Schools alone cannot help to prevent childhood obesity
School-based healthy lifestyle interventions alone are not effective in the fight against childhood obesity.
The University of Birmingham reports one of the largest childhood obesity prevention trials undertaken to date has found that a healthy lifestyle intervention carried out in dozens of schools did not lead to significant changes in pupils’ weight.
Led by the University of Birmingham, the West Midlands ActiVe lifestyle and healthy Eating in School children (WAVES) study was a trial funded by the National Institute for Health Research (NIHR). It aimed to assess the clinical and cost effectiveness of a programme of activities designed to support children aged six and seven in keeping their weight at a healthy level by promoting healthy eating and physical activity.
Excess weight in childhood is a global problem, affecting around forty one million children under the age of five. In addition to physical and psychosocial health consequences in these early years, childhood excess weight is an important predictor of obesity in adulthood, with additional adverse health and economic effects. In the UK around a quarter of children have excess weight at the age of four or five.
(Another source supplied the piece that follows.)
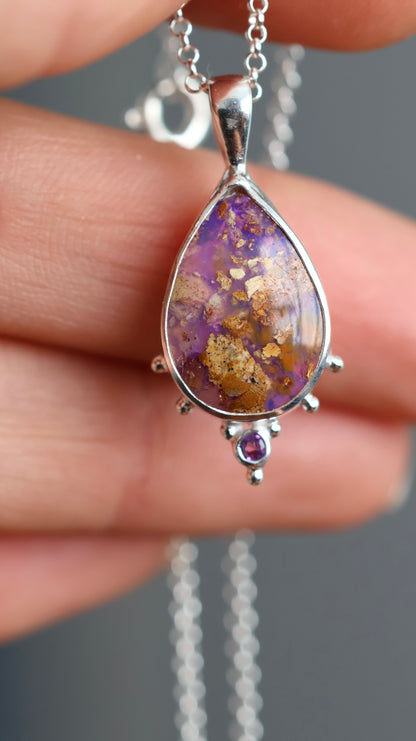 Boulder Opal & Amethyst Pendant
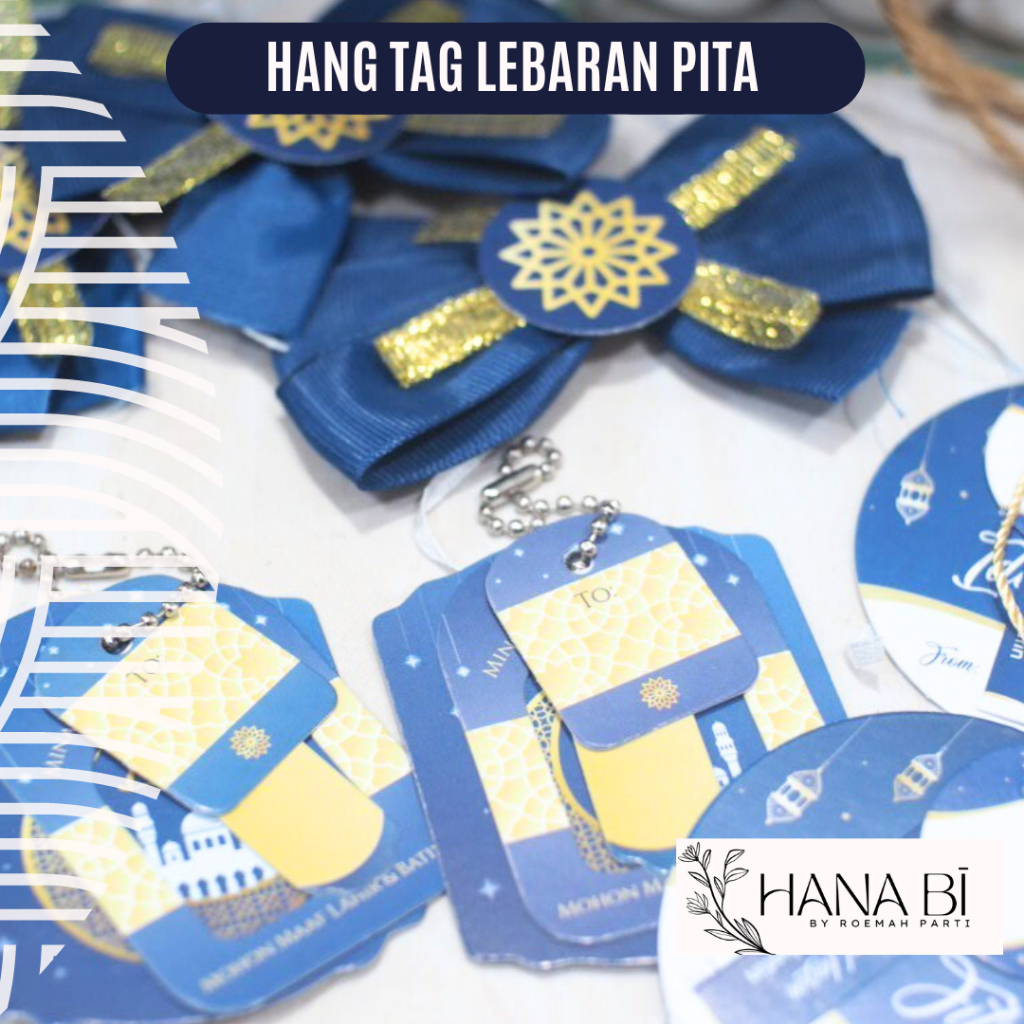 

1 Set Hang Tag Lebaran Tassel No Tassel + Tag + Pita Tulisan From To dan Ucapan Aksesoris Lebaran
The proportion of very overweight children increases during the subsequent six years from approximately 9% to 19%, highlighting this time period as critical for preventive action.
The twelve month WAVES study intervention included a daily additional thirty minute school time physical activity opportunity, and a six week interactive skill based programme in conjunction with a premiership football club. It also included signposting of local family physical activity opportunities through six monthly mail-outs and termly school led family healthy cooking skills workshops.
Almost one thousand five hundred pupils from fifty four state primary schools in the West Midlands took part in the trial. Their measurements, including weight, height, percentage body fat, waist circumference, skinfold thickness, and blood pressure, were taken when they started the trial. They also wore an activity tracker for five days, recorded their dietary intake and took part in assessments to establish their perceived quality of life, social acceptance and body image. These measurements were taken again fifteen months and thirty months later and were compared among pupils who were or were not taking part in the intervention.
The results of the randomised controlled trial, published in The BMJ, found that the intervention did not result in a significant difference in participants’ weight status.
Professor Peymané Adab, of the University of Birmingham’s Institute of Applied Health Research, said “Our research, combined with wider evidence, suggests that schools cannot lead on the childhood obesity prevention agenda.”
Dr Miranda Pallan, also of the University of Birmingham’s Institute of Applied Health Research, said “Whilst school is an important setting for influencing children’s health behaviour, and delivery of knowledge and skills to support healthy lifestyles is one of their mandatory functions, widespread policy change and broader influences from the family, community, media and the food industry is also needed.”
The research team said “Although wider implementation of this WAVES study intervention cannot be recommended for obesity prevention, the lower cost components could in the future be considered by schools to fulfil their mandated responsibilities for health and wellbeing education.”